Inhaltlich sei der Koalitionsvertrag dürftig, es existierten keine Leuchtturmprojekte und sobald man in die Details gehe, würden die ausgehandelten Punkte abgeschwächt. Die Rentenreformen stünde de Facto unter Finanzierungsvorbehalt. Arbeitsmarkt - und sozialpolitisch seien faule Kompromisse erzielt worden.
Das Rückkehrrecht von Teil- auf Vollzeit gelte längst nicht für alle Beschäftigten, wenn man bedenke, dass davon nur mittelgroße und große Betriebe betroffen seien. Da sei die IG Metall mit ihrem neuen Tarifvertrag weiter. In der Gesundheitspolitik gebe es keine Fortschritte. Die Flüchtlingspolitik habe einen menschenfeindlichen Grundtenor.
Zur Umsetzung der Bildungspolitik brauche man teilweise 2/3-Mehrheiten im Bundestag, die Union und SPD gar nicht darstellen könnten. Umverteilung sei in einem Land in der die Spaltung von Arm und Reich immer deutlicher werde gleich gar kein Thema. Eine Große Koalition des politischen KleinKlein werde die Ränder aber nur stärken, so die Jusos.
Progressive Parteien wie die SPD würden für Visionen und eine große Idee gewählt, nicht für das Drehen kleiner Stellschrauben. Dafür gebe es schließlich Verwaltung. „Wenn das der Anspruch der SPD ist, dann verliert sie ihre Existenzberechtigung“, so Seger.
Verabschiedet wurde Eva Heldmann, die nun die Altersgrenze der Jusos erreicht hat. Als ehemalige Vorsitzende und langjähriges Mitglied des Vorstands, wurde sie, ebenso wie der langjährige Vorsitzende Raoul Giebenhain, zur „Ehrenjuso“ ernannt.

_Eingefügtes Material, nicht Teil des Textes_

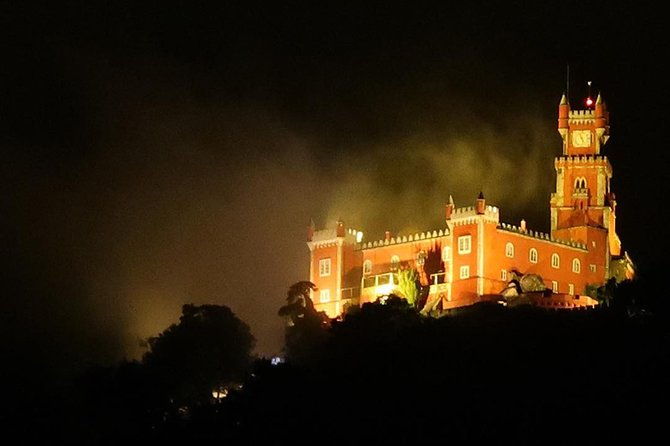 sintra-apparitions-and-stories-from-the-mountains-private-night-walk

Der neu gewählte Vorstand besteht nun neben den Vorsitzenden aus den drei Stellvertretern Roger Nisch, Giovanni Isaia und Stefan Beller. Als Rechner wurde Oguz Han Hazneci bestätigt. Zu Beisitzern wurden Alexandra Nisch, Simon Stephan, Hüveyda Yilmaz, Manuela Heinrich und Oliver Friedrich gewählt.
Mit dem neuen Vorstand und dem Zulauf zahlreicher Neumitglieder sehen die Jusos sich in ihrer Haltung gegen die Große Koalition bestätigt, sowie für das kommende Jahr gut aufgestellt und bereit für den Landtagswahlkampf.